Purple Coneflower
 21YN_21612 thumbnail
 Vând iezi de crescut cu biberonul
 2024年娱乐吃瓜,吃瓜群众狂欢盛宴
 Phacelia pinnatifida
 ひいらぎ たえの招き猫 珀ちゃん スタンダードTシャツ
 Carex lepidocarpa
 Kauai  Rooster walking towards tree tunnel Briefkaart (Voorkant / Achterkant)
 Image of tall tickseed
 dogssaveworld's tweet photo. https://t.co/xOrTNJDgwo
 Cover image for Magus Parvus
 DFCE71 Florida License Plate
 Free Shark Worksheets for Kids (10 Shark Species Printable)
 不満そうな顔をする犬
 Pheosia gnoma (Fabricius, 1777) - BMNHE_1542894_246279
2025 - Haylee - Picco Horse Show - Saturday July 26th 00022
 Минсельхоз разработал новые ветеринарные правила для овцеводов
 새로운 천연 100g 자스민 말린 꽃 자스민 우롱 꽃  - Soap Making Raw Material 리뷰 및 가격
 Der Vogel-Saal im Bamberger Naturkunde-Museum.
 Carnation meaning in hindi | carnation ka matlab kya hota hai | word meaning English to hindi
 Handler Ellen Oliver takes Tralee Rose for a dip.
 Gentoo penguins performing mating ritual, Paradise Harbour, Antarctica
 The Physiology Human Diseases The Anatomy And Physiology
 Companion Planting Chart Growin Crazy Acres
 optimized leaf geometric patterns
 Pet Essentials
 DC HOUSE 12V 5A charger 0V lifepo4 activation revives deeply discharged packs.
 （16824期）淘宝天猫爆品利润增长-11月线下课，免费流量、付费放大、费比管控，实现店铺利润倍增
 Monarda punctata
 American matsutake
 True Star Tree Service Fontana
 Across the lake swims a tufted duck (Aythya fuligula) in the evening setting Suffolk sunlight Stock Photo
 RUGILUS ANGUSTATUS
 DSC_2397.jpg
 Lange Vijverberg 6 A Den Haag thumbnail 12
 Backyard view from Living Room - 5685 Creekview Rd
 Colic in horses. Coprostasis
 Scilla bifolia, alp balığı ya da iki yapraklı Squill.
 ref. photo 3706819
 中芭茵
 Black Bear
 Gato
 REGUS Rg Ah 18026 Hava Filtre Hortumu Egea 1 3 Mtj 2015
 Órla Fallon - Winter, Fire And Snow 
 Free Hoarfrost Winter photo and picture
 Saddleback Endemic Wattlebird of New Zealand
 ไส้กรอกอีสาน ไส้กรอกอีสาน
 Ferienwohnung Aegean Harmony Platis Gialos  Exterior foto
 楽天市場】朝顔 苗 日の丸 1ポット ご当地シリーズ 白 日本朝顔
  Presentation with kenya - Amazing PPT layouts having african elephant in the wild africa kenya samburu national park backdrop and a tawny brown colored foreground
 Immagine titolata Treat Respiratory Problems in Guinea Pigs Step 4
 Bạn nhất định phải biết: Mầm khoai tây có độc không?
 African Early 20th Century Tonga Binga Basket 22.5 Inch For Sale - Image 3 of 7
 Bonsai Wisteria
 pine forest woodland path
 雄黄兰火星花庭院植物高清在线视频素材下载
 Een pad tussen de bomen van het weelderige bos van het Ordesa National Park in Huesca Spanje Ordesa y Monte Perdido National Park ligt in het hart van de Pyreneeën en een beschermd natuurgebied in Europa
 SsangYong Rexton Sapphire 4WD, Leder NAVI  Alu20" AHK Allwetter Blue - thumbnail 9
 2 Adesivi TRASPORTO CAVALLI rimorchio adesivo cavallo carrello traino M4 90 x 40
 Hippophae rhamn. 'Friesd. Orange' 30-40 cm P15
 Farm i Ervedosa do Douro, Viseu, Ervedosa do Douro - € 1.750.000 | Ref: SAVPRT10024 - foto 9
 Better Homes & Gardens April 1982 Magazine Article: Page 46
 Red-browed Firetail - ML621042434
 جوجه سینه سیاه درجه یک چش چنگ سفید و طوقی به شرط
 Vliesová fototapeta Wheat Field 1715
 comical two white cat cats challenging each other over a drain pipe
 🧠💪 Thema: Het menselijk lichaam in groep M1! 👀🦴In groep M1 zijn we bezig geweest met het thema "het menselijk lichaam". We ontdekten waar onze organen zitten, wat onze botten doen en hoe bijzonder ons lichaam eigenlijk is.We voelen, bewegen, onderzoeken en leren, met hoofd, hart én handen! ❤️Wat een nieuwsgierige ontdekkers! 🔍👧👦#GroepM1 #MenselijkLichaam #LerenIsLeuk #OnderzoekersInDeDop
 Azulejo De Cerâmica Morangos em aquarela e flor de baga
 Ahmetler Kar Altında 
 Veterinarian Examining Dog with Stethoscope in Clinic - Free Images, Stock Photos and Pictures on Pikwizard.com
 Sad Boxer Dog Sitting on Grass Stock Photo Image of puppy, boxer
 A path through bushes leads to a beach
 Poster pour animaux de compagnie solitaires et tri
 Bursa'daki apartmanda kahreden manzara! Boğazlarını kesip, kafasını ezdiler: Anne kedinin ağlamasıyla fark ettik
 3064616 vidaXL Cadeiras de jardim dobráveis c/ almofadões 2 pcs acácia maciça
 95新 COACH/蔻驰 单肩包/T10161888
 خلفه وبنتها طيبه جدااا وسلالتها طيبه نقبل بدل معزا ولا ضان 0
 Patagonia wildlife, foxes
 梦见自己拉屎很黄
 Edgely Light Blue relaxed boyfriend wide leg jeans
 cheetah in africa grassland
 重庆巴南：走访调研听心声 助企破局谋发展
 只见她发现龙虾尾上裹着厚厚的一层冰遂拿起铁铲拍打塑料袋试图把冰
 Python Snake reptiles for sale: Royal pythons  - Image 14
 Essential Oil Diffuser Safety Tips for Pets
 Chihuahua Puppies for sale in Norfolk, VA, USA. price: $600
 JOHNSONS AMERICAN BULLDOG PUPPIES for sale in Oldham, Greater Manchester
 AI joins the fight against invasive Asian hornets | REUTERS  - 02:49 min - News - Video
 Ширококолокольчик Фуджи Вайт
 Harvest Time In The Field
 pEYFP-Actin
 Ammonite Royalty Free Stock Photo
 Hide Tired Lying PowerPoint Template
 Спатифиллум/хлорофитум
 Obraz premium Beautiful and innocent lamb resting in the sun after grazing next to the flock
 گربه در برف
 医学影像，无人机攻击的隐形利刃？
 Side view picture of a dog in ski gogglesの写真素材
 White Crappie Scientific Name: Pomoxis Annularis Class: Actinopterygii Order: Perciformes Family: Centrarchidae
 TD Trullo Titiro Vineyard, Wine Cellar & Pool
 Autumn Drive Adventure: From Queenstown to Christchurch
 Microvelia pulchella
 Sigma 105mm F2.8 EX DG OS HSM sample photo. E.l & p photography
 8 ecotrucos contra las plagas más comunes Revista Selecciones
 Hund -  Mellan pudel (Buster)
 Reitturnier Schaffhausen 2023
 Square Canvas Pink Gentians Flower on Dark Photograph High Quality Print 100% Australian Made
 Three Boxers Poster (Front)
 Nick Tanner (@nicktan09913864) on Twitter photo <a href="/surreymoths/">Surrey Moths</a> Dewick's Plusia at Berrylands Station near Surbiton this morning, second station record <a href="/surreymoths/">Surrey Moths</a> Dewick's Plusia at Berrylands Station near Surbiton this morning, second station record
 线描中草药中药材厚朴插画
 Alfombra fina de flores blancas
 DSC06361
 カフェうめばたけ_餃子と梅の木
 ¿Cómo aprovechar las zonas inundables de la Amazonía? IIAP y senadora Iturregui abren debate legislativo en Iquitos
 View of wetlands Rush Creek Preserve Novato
------------------------------------------------------------
-- What you will do --
What lines in the material above contain the word "thumbnail"? Copy them out.

-- Result below --
 21YN_21612 thumbnail
 Lange Vijverberg 6 A Den Haag thumbnail 12
 SsangYong Rexton Sapphire 4WD, Leder NAVI  Alu20" AHK Allwetter Blue - thumbnail 9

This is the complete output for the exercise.